# [Aim of the task]
When a line in the entries contains the word "Building", copy that line in full.

# [Provided material]
==================================================

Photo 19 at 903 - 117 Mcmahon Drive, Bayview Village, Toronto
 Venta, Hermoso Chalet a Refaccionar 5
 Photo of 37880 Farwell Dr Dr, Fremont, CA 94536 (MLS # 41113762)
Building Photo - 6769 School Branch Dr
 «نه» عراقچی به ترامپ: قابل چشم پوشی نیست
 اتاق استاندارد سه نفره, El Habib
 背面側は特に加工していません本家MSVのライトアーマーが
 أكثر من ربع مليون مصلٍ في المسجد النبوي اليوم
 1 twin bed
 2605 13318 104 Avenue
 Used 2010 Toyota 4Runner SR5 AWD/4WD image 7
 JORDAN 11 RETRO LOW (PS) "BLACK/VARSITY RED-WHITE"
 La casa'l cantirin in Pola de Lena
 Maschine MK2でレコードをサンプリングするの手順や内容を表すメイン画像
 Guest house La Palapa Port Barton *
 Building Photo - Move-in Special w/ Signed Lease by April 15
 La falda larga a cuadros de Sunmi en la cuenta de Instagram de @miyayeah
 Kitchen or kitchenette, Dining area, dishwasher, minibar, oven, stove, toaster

==================================================

# [Expected answer]
Building Photo - 6769 School Branch Dr
 Building Photo - Move-in Special w/ Signed Lease by April 15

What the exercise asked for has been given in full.